**What the task requires**:
Below are lines of records; copy exactly those from the one containing "thumbnail image 4" through the one containing "Gravure de la", leaving the pictures behind.

**Information shown**:
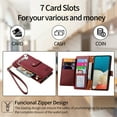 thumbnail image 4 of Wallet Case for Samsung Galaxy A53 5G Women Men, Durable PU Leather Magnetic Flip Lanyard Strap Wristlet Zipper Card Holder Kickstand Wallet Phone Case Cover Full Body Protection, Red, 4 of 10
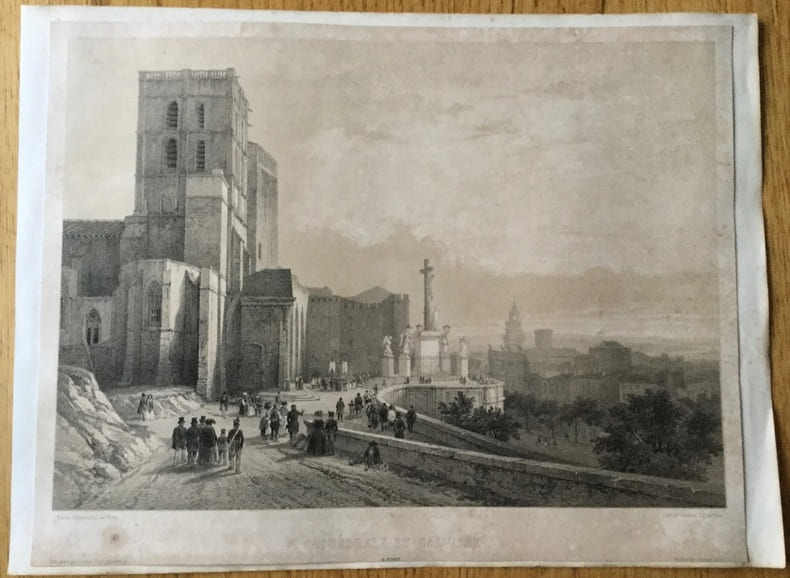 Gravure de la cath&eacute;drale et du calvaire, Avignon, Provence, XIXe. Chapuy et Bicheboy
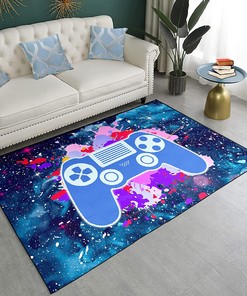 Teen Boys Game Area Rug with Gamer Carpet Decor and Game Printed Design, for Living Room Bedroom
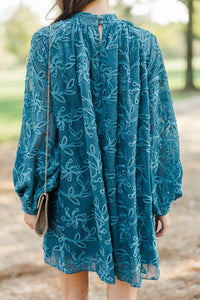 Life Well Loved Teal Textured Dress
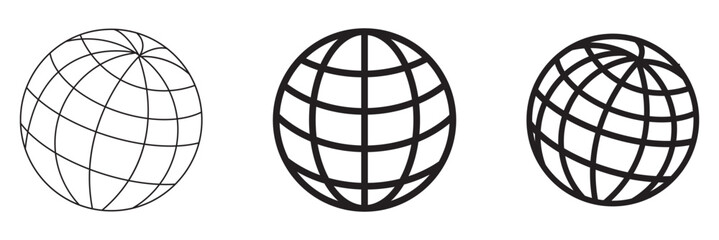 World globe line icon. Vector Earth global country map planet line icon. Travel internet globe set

---

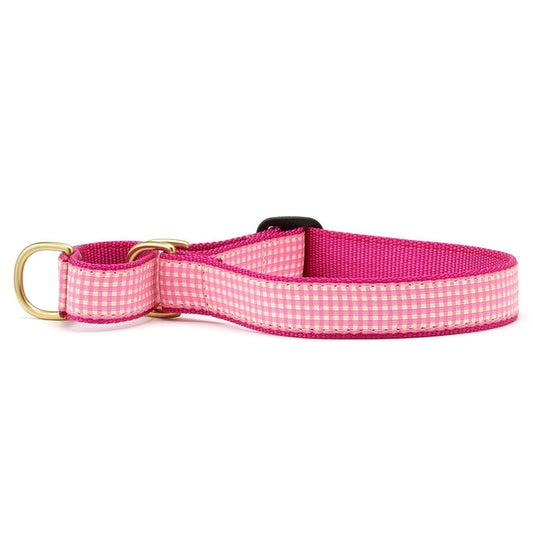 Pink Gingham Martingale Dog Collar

**Written answer**:
 thumbnail image 4 of Wallet Case for Samsung Galaxy A53 5G Women Men, Durable PU Leather Magnetic Flip Lanyard Strap Wristlet Zipper Card Holder Kickstand Wallet Phone Case Cover Full Body Protection, Red, 4 of 10
 Gravure de la cath&eacute;drale et du calvaire, Avignon, Provence, XIXe. Chapuy et Bicheboy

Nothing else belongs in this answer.